The common factors shared by food and beverage processing firms are age and firm location. Greater age has been found to have a positive effect on innovation [53,107]. However, other studies find a negative relationship because as firms age, they become less able to generate new innovations [58]. Location in less rural areas is also significant in processing firms, which confirms the importance of a less rural business fabric [31].
For food processing firms to innovate, it is important for them to be profitable: firms with a large business volume have more resources available so it is easier for them to take up potential business opportunities. This results in greater investment in R&D and more innovation [23,38,39]. For beverage processing firms, it is significant for them to have R&D+I personnel [92,106,108]. Some authors also state that knowledge should not only be obtained within the firm but should also be external, coming from outside research centres, universities, etc. [79,80,81,109].
Out of all these factors, the one that has the greatest influence on innovation in the agri-food sector, according to the eta-squared test, is firm size, for which the mean effect is 11%, far from that of the other determinations of innovation. As stated in [110], some authors find that firm size affects R&D+I activities because these need a large set of fixed and variable resources, but others consider that the flexibility and skill of small and medium enterprises allow them to compete and make up for the difference in scale when compared with large firms. It is clear that the other variables have very little effect on the degree of innovation in the agri-food industry in Castilla-La Mancha.

5. Conclusions

In the analysis performed on an inland region in southern Europe that specializes in the agri-food sector, it was shown that innovation activity by firms is mainly promoted by internal or firm factors. However, the factor that carries the greatest weight is firm size. The legal form should also be taken into account, as cooperatives become agents for change and promote innovation. Their democratic governance and participatory management help to develop trust-based networks that foster learning by doing, facilitate the circulation of information and develop incremental innovations. External factors also help, especially the level of education in the area, knowledge spillovers from research centres and location in less rural areas.
Even so, a certain weakness is found in the culture of innovation, which is reflected in the importance of the size variable. It is necessary to advance in territorial and social perception in more underprivileged areas so that innovation can become a priority and thus contribute to the development of the agrifood sector, because the innovation process is essential for growth in countries with an advanced economy and for balanced, sustainable development.
Support policies have proved to be necessary for facilitating innovation in the agrifood sector, especially for the decision on the initial investment. In our analyses, we found that regulation and public support for innovation were determining factors because a very large percentage of investment initiatives in agrifood firms received public support from the measures established (Focal and Innova), and access to public calls for application was widespread. A necessary future line of research is the efficiency of public regulation regarding ex-post knowledge spillover, and the potential for learning by doing for spatial differentiation of innovation in less privileged territories. Another future line of research that would consolidate the line we follow in our study would be to expand the sample of agrifood firms without focusing only on those with an innovation index above zero. This would give a better idea of innovative behaviour in general in the agrifood industry.

Author Contributions

Conceptualization: J.S.C.-V. Methodology, data collection and data analysis: M.C.G.-C. Data presentation, writing, reviewing and editing: J.S.C.-V. and M.C.G.-C. Both authors have read and agreed to the published version of the manuscript.

Funding

This research received no external funding.

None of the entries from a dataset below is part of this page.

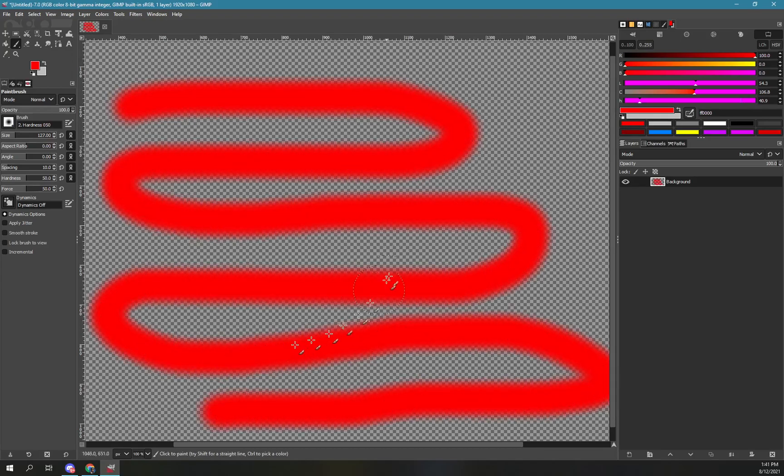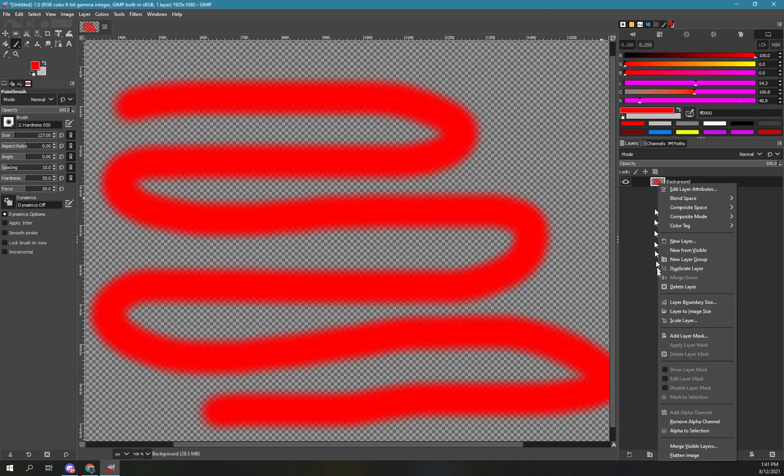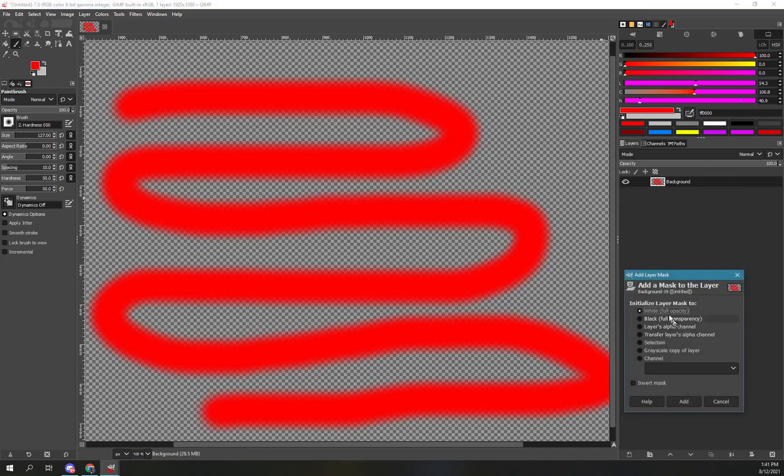To edit the alpha layer, add a layer mask. Initialize it to white so that everything is fully visible. Make sure the option invert mask is not selected.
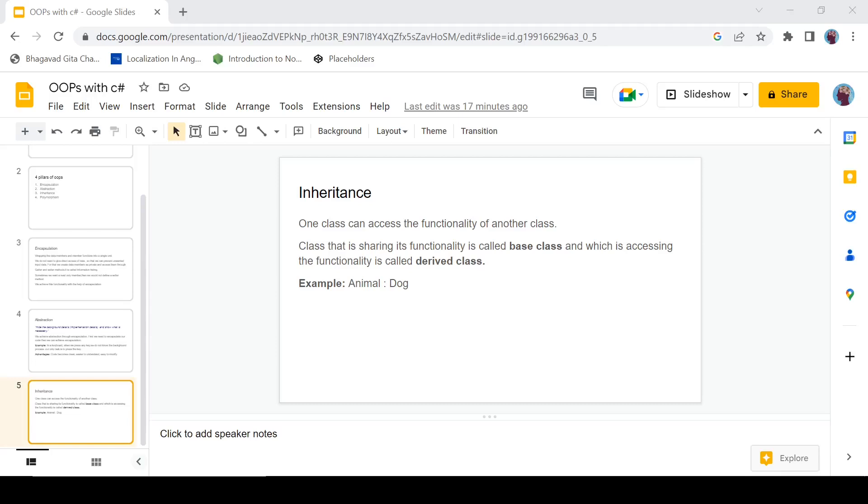Hey there everyone, it's Ravindra Devlani. Welcome back with another video. We are continuing the series of OOP concepts with C# where we were discussing the four pillars of OOP. If you find this video helpful, please hit that like button and subscribe to this channel. Let's start with inheritance.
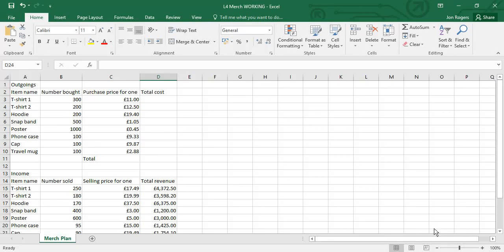In this video we're going to look at the merch model and complete the formulas and make sure that everything is working correctly. Two key words for you: outgoings and income.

Institutional Review Board Statement

Not applicable.

Informed Consent Statement

Not applicable.

Data Availability Statement

Data sets analysed during the study are available from the authors on reasonable request, although the data were obtained from the Iberian Balance Sheet Analysis System, Official Gazette of Castilla-La Mancha, Spanish Patent and Trademark Office, Institute of Statistics of Castilla-La Mancha and Program for Sustainable Development of Rural Areas, Caixa Bank.

Conflicts of Interest

The authors declare no conflict of interest.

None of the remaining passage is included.